Bankruptcy isn’t a land of sunshine and roses. More and more Georgians are finding that out daily. While this outcome is extremely unfortunate for the affected schools, it is not an absurd outcome. The trustee is just performing his duty. The Bankruptcy Court is just following the law.


  1. ricstewart says:

    Not to make light of an unfortunate situation, but maybe Congressman Deal should appear on Are You Smarter Than A Fifth Grader?

  2. Samuel says:

    What if the topics were “Ethics” & “Business Law” & “Government Bidding of Contracts” & “Tax Codes.”

    He’d lose!

    Georgia is about to lose!

  3. John Konop says:

    Since Kathy Cox used creditors’ money to win the money and she also stiffed them for a lot of money, should she be able get a tax break for the donation? The tax break could be worth about a 150 thousand dollars.

    • Charlie says:

      She would only be able to take a tax credit if she also took a corresponding increase to adjusted gross income. Net-net, it’s a wash. There should be no tax consequences for this.

          • drjay says:

            when i was “who wants to be a millionaire” abc paid for pretty much everything, and that was just as a regular contestant. for the syndicated shows like jeopardy or wheel of fortune, you are generally responsible for your own way, but for the network shows they generally pick up the tab, and for a “celebrity show” even more so…

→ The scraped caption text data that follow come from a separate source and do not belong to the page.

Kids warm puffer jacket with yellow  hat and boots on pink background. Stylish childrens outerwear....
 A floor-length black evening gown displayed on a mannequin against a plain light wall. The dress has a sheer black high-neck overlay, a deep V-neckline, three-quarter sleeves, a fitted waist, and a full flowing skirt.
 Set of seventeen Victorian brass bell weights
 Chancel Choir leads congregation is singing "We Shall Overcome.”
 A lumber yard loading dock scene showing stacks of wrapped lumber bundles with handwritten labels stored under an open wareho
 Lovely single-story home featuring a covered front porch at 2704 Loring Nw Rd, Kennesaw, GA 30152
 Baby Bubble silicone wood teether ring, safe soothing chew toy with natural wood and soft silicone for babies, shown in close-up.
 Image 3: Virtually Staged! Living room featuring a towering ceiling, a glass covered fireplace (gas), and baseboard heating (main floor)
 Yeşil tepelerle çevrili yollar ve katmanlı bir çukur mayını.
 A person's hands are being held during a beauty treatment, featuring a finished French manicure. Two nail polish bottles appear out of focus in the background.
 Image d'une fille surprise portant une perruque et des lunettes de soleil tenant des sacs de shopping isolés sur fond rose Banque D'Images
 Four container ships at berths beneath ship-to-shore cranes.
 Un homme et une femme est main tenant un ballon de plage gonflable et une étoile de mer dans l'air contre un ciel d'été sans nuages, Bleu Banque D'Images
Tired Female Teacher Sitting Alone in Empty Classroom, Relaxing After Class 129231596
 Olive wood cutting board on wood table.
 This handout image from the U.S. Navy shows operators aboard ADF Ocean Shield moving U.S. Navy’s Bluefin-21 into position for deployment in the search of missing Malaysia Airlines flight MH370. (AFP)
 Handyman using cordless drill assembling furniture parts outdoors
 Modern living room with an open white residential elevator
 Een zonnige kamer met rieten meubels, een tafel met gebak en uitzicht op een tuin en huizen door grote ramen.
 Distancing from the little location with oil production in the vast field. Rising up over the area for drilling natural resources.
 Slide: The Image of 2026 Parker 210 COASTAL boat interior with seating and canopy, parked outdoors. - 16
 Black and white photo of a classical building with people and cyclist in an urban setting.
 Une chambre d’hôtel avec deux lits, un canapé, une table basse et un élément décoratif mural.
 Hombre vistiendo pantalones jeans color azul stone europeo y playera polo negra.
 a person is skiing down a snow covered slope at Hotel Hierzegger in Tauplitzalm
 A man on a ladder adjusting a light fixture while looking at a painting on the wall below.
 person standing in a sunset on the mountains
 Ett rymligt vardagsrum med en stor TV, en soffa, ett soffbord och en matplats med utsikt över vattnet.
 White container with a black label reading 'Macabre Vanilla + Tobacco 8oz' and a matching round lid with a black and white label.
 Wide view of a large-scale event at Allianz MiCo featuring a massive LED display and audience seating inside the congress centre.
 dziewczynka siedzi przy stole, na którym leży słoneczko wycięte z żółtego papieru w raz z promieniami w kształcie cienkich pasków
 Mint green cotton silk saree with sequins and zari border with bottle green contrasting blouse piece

            • John Konop says:

              What if she used her own credit card get reimbursed and never paid the credit card company. That is why Kathy Cox should release het tax returns during this time period and in the future if she wants to clear up the issue.

              The reason I am suspicious from what I read she originally wanted to set up a charitable trust which would have given her the right to pay herself and or family members without paying creditors.

              • drjay says:

                i’m o.k. with her needing to release tax returns if it will help clear such things up. i would still guess fox made the arrangements themselves. also the actual contract with the show probably is pretty key to the suit against her to obtain the game show money…

                • John Konop says:


                  I am no lawyer but for the court to rule against the donations, the commingling of creditors’ money on this trip would have been a very strong argument. I have no idea if that was the situation but in my business we deal with this issue often. As my lawyer tells me always follow the money. And that usually demonstrates real intentions.

  4. drjay says:

    i am genuinely surprised by this outcome, all and all it is probably better for the cox family, but still. this one my be different, but my understanding of “celebrity” game show appearances is that they are different from “regular folk” in a number of ways. a celebrity is usually guarranteed a check for their charity just for showing up. you’ll notice they get cues for the early questions (like on “who wants to be a millionaire” they won’t even let them use a lifeline below 32k and the other celebrities on the show are stage whispering the answers to the early questions if it seems like the one in the chair is struggling), also tax considerations are made for celebrities winning money for charity that are not made for regular folks just playing the game (or even celebrities playing games, not necesarrily as celebrities, like jimmy johnson on survivor. also, in kathy cox’s case, i don’t think she could have legally accepted a chance to appear on the show “in her official capacity” which is what made her a “celebrity”, if she were playing for herself, because it would be a “gift” and for “personal gain”, but she would never have been on this particular episode were it not for her position–kathy ireland was the next contestant–this was not a case of someone being told to randomly come on down by bob barker…i’d be interested to know what her contract with fox actually said and how it jibes with my experience and understanding of game shows…

  5. jm says:

    Kathy Cox is not a “celebrity”. She was a contestant on the show, and the money was hers. She applied for he show, they saw who she was, said this makes an interesting twist, and put it altogether. Her deal was the part about being a state superintendent and playing for the school, and I’ll give her credit for that. But its not about who paid for the tickets, or the food, or the hotel. Its about who got the million dollar check.

    If she was playing for charity as a celebrity, FOX would have sent the check to the school, in her name. No, the check went directly to her, and that’s when it became fair game. I don’t blame anyone for that, maybe she could have asked them to do that, she wasn’t thinking that far ahead, wasn’t thinking about the bankruptcy looming in her future. You know why? 5th grade smarts or not, they obviously don’t teach enough about home finance in the state of Georgia…

    • John Konop says:


      The check was sent to Kathy Cox because she was originally going to set up a charity trust which would have given her and her family a right to get some of the money for managing the trust.

      Once again I am not a lawyer but it would seem obvious if you used creditor’s money to win the money and did not pay them they would have a very good argument.

      It is fine to give away YOUR OWN MONEY, but to use other people’s money without their permission to give away money is wrong!